Ever since the Roe v. Wade decision, the Republican Party has cultivated and exploited religious backwardness among a minority of the US population as a base of support for its right-wing agenda, as part of a broader effort to eviscerate democratic rights as a whole. The First Amendment’s primary clause mandating the separation of church and state has been substantively dismantled over the course of this decades-long campaign.
The first attack came with the passage of the Hyde Amendment in 1976, which barred federal funding for abortions through Medicaid, specifically targeting the program’s low-income recipients. Thus, the cost of abortion has always been highly burdensome to working class women, with the present estimated charge averaging $470.
While the Roe v. Wade decision legalized abortion, the federal government continued to deny funding for abortion clinics nationwide. According to the Guttmacher Institute, roughly 60 percent of abortions are paid for out of pocket, 12 percent by private insurance, and 20 percent by Medicaid in the few states that provide state funds to cover medically necessary abortions.
The 1992 Supreme Court ruling in Planned Parenthood v. Casey permitted some state regulation of abortion, such as requiring waiting periods and imposing arbitrary licensing rules on abortion clinics, whose cumulative impact has been devastating.

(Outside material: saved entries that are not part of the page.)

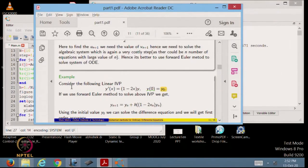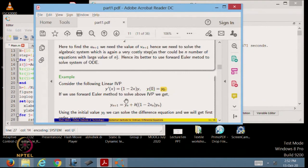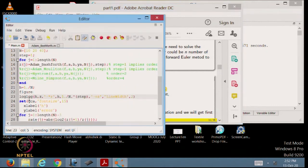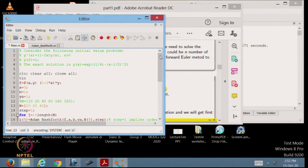If you remember from our previous lectures, we have taken one example: the linear initial value problem y' = 1 - 2xy, where the right-hand side was 1 - 2xy and the initial condition was arbitrary y0. In today's lecture, we will focus on this example and try to solve it with different numerical methods which we have already studied in previous lectures. I already have a code; I will explain each line so that you can type it on your own.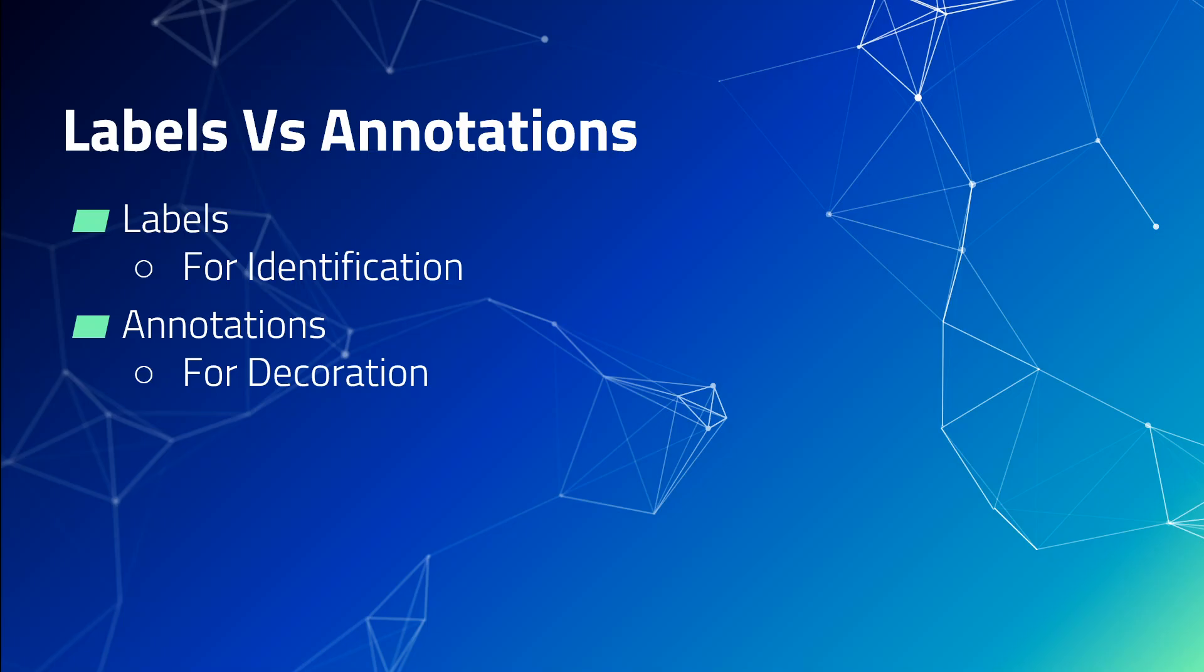There is still a lot of confusion around what exactly is the difference between a label and an annotation in Kubernetes. Let me try to explain it in as simple words as possible.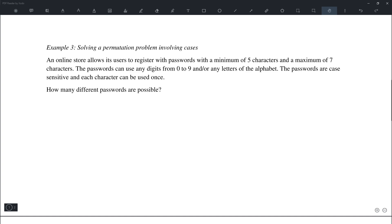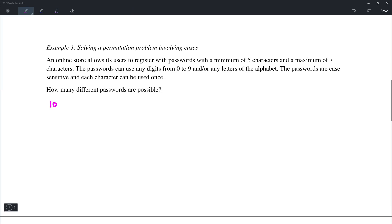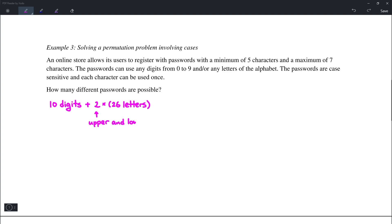Example number 3 involves passwords made using digits 0 to 9 and letters from the alphabet. They are case sensitive, so upper and lower case count separately, and each character can only be used once. That means we have 10 digits plus 2 times 26 letters, giving 62 characters in total to choose from.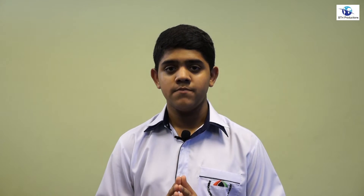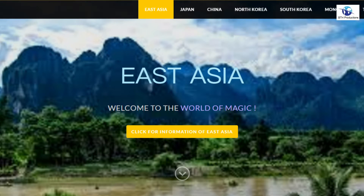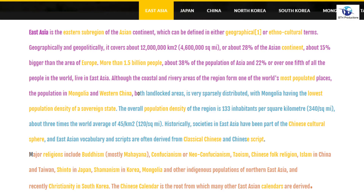East Asia is located in the continent of Asia and it is an eastern sub-region of it. Geographically, East Asia covers about 12 million kilometers square of area and the population is more than 1.5 billion — almost the whole of Europe. East Asia is the world's most visited place and has beautiful landscapes, mountain ranges, and many natural wonders.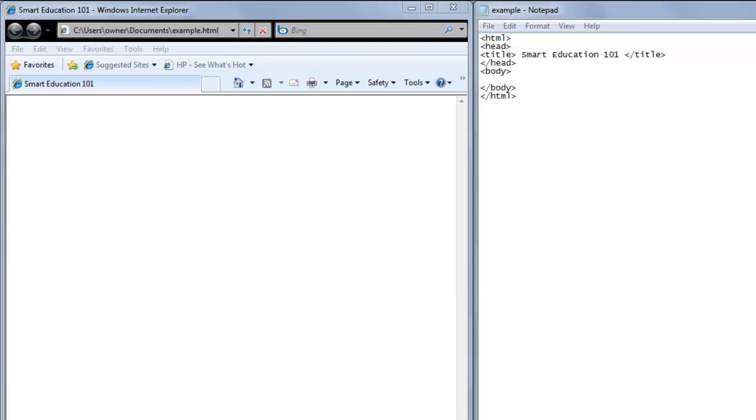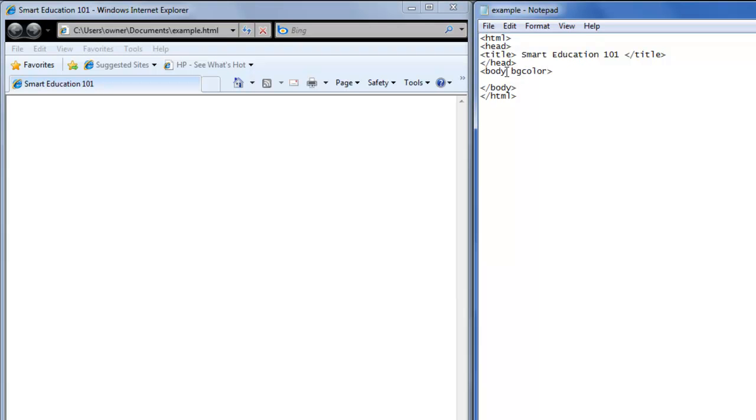To change the body background of your web page, you first need to go into the body tag of your text editor and type BGColor to change the background color. And we're going to choose blue.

The Guttmacher Institute notes that “As of January 1, 2014, at least half of the states have imposed excessive and unnecessary regulations on abortion clinics, mandated counseling designed to dissuade a woman from obtaining an abortion, required a waiting period before an abortion, required parental involvement before a minor obtains an abortion, or prohibited the use of state Medicaid funds to pay for medically necessary abortions.”
Since January this year, Republicans in the House of Representatives have already introduced 29 separate measures attempting to limit women’s access to safe and legal abortion, tacking on abortion restrictions to legislation ranging in scope from aid to education to prohibition of human trafficking.

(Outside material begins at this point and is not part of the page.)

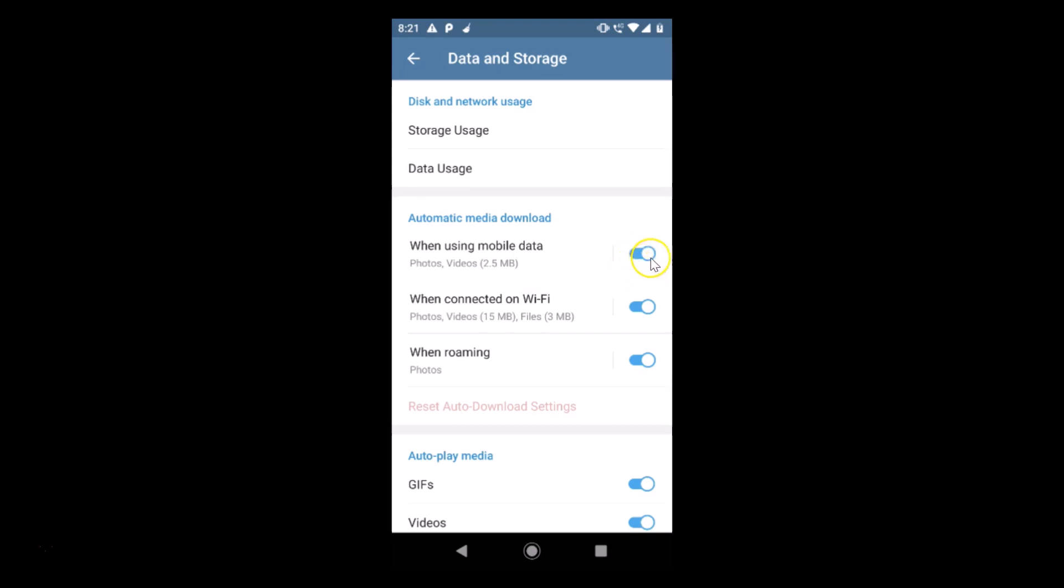Just tap on this toggle to make it off. You can see that we have no media, so no media will be downloaded automatically when using mobile data.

The Democratic Party shares responsibility for these attacks, despite its nominal defense of abortion rights, one of the few issues on which the two corporate-controlled parties actually disagree.
The right-wing Supreme Court justices who have spearheaded the campaign against abortion rights owe their seats to the Democrats, most notably Antonin Scalia, the leader of the ultra-right bloc on the court, confirmed by the US Senate 98-0.

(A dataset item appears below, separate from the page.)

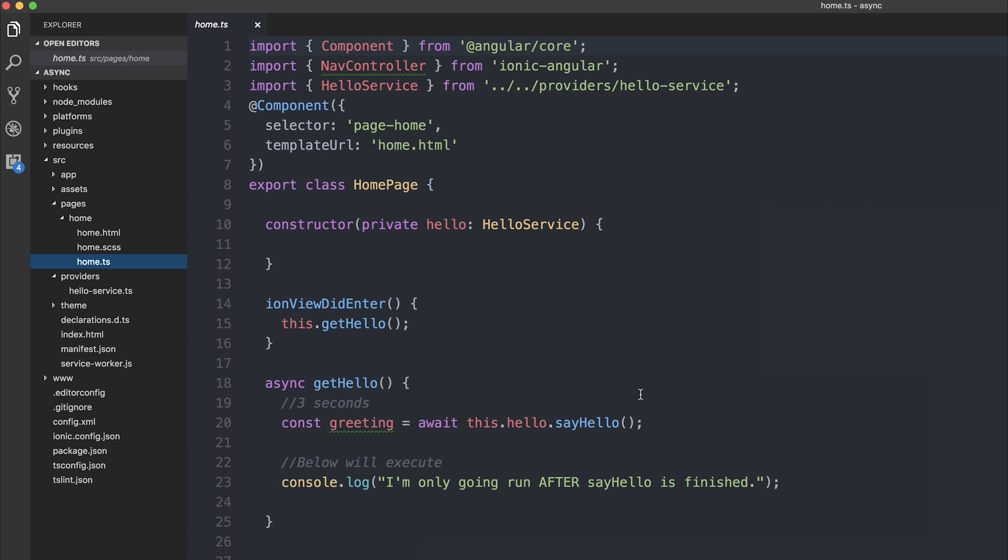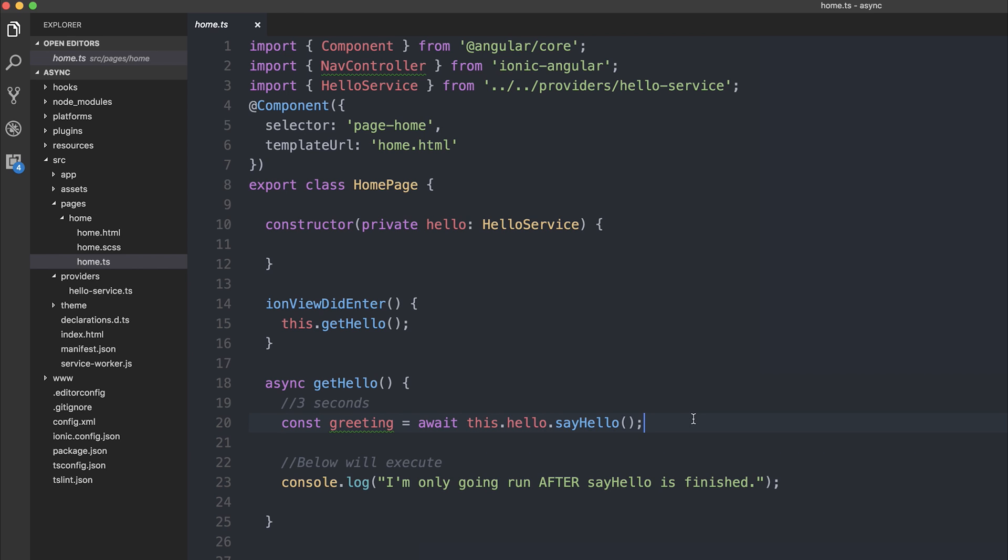So the next stage in our async and await journey is of course to check for errors. At the moment we're simply saying get the result from sayHello, but we're not actually checking for any errors.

The Hyde Amendment was enacted by a Democratic-controlled Congress, and the Democrats have never attempted to repeal it during the years they have controlled Congress since (1976-1994, 2006-2010). Democratic health care reform plans—the failed Clinton plan of 1993-94 and the Obamacare plan enacted in 2010—have extensive exemptions from payment for abortion and even contraception by employers who object on religious grounds.
Democrats at both the federal and state level have stood by haplessly as the right to abortion has become all but impossible to obtain in the rural areas of many states, and altogether in some states, due to a combination of state legislative sanctions and fascistic violence, including the assassination of abortion doctors.
More fundamentally, under conditions where the US ruling elite is engaged in a frontal assault on democratic rights, in the guise of waging the “war on terror,” there is no constituency in either party for the defense of the democratic right to abortion, despite the election-year posturing of Democratic Party candidates.
As always, class considerations prevail. The politicians of both big business parties represent the multimillionaires whose access to abortion is in no way threatened by the reactionary proposals of the Republican Party. As before Roe v. Wade, women of the upper classes have the resources to travel anywhere in the world to receive the highest quality medical care, while working class women face immense hurdles and even incrimination when exercising their right to an abortion.